Koizumi’s clear-cut statement on the sensitive issue has drawn a range of reactions from across the country, which has not revised the Constitution since it took effect on May 3, 1947. The anniversary is a national holiday.

Article 9 stipulates, “Aspiring sincerely to an international peace based on justice and order, the Japanese people forever renounce war as a sovereign right of the nation and the threat or use of force as means of settling international disputes.”

It also says, “In order to accomplish the aim of the preceding paragraph, land, sea and air forces, as well as other war potential, will never be maintained. The right of belligerency of the state will not be recognized.”

It has long been disputed whether the text of the Constitution actually allows for the existence of the SDF, which have 260,000 service members, 1,000 tanks, 16 submarines, advanced warships and more than 300 fighter planes.

“It is unnatural that the SDF cannot be called a military force (because of Article 9),” Koizumi told reporters immediately after becoming LDP chief.

In his first news conference after being sworn in as prime minister a week ago, Koizumi also said he would pursue constitutional revision focusing solely on his pet proposal to elect the prime minister by popular vote.

Lawmakers attending the rightwing group’s gathering, except Satoshi Shima from the DPJ, opposed its introduction and expressed concerns, including fears over the potential conflict with the status of the Emperor as head of state.

In response, SDP leader Doi criticized Koizumi, saying he wants to revise the Constitution starting with the least-contested issue.

“Some of you may think it is better to elect the prime minister by popular vote. However, it would not be so easy. We have to revise many basic parts of the Constitution (to realize the popular vote),” she said.

Article 67 of the Constitution says the prime minister shall be designated from among members of the Diet in a vote.

Machiko Omata, a member of a citizens group based in Komae, western Tokyo, that advocates promoting the spirit of the pacifist Constitution, told the Hibiya Kokaido hall gathering that discussions at the Diet to review the Constitution were low key.

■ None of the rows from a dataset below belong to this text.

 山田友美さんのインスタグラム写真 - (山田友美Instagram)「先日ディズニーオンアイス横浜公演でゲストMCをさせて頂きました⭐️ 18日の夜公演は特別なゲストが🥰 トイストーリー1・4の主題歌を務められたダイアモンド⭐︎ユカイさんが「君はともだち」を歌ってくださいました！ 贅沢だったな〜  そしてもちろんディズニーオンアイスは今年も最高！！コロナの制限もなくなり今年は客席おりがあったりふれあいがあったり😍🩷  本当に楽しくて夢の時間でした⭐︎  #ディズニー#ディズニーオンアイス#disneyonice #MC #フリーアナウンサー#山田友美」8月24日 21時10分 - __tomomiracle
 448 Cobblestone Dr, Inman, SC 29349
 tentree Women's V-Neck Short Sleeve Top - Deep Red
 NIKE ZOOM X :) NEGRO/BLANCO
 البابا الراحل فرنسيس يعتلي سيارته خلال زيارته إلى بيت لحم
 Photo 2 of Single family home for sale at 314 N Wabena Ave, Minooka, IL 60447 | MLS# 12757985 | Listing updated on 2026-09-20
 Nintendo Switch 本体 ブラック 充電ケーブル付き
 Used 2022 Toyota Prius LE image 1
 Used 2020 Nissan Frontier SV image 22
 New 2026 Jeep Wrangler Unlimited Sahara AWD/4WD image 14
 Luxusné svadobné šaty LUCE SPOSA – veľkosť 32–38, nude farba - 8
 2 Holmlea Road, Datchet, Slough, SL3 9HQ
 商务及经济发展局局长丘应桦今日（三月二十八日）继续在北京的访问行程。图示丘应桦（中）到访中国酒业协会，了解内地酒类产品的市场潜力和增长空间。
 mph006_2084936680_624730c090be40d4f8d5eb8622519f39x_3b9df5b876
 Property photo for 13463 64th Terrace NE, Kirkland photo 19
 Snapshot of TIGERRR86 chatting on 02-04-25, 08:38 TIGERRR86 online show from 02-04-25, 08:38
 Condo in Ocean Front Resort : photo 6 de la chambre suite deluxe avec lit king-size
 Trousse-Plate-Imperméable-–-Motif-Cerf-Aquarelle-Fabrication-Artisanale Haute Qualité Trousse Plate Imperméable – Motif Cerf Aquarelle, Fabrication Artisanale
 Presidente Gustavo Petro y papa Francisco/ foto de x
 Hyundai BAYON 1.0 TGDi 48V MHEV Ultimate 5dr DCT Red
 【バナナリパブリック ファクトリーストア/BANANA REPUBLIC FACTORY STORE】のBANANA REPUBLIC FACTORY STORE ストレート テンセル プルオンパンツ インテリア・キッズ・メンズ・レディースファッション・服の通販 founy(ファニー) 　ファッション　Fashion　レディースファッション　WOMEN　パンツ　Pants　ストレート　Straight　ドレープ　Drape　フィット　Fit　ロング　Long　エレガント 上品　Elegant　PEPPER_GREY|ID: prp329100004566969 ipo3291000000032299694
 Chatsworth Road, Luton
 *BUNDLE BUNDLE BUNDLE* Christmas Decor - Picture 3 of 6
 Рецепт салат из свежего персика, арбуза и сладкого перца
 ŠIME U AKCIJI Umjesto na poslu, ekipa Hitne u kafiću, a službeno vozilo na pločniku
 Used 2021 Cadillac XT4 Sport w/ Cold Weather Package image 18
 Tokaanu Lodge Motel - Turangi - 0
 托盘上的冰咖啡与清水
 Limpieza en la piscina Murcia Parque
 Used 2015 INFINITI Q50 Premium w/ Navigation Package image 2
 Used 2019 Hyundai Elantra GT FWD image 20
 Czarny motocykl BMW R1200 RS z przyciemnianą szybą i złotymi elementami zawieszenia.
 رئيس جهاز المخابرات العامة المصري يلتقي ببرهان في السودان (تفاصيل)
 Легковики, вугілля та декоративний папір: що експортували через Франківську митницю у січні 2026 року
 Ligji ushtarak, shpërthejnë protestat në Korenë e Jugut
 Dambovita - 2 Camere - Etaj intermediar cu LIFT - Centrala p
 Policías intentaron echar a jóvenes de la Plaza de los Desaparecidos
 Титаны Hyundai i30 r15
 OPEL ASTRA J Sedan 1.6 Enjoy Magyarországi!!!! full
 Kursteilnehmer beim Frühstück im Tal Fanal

She made the comments based on her observations of recent parliamentary discussions of the Research Commission on the Constitution.

“I was very surprised to listen to the discussions of the panel,” she said. “Those who attended the discussion from the beginning to end were only a few members of the opposition parties. The remaining members often came in and out, and most of the time, less than half of the 50 members attended the session.

“I saw no serious, heated debate was taking place there between those who support the revision and others who oppose it,” she said, adding she wants the public to know the real situation surrounding the issue.

In a statement released for Constitution Day, Taro Nakayama, chief of the Lower House panel on constitutional review, said popular election of the prime minister is “a matter that requires urgent discussion.”

However, the political community remains undecided on the issue. New Komeito, one of the LDP’s coalition partners, is alarmed by Koizumi’s straightforward remarks about amending the Constitution.

New Komeito said in a statement released on its anniversary, “We cannot ignore recent moves among some Japanese excessively emphasizing the importance of ‘state.’ People should praise how much the Constitution has contributed to the peace and security of postwar Japan.”

While the SDP and the JCP say they remain committed to preserving the postwar Constitution and criticize Koizumi for his “hawkish” inclinations, the DPJ, the largest opposition force, appears to be split over the issue.

A DPJ statement is vague on whether it supports an amendment, saying, “Remembering the magnitude of the Constitution, we reconfirm the need for consistent discussions on it for a new era.”

To amend the Constitution, more than two-thirds of all national lawmakers in the 480-seat House of Representatives and the 252-seat House of Councilors must support the move in a special vote.

The Constitution would then be revised if the majority of the public expressed approval “in a special referendum or by such an election as the Diet shall specify.”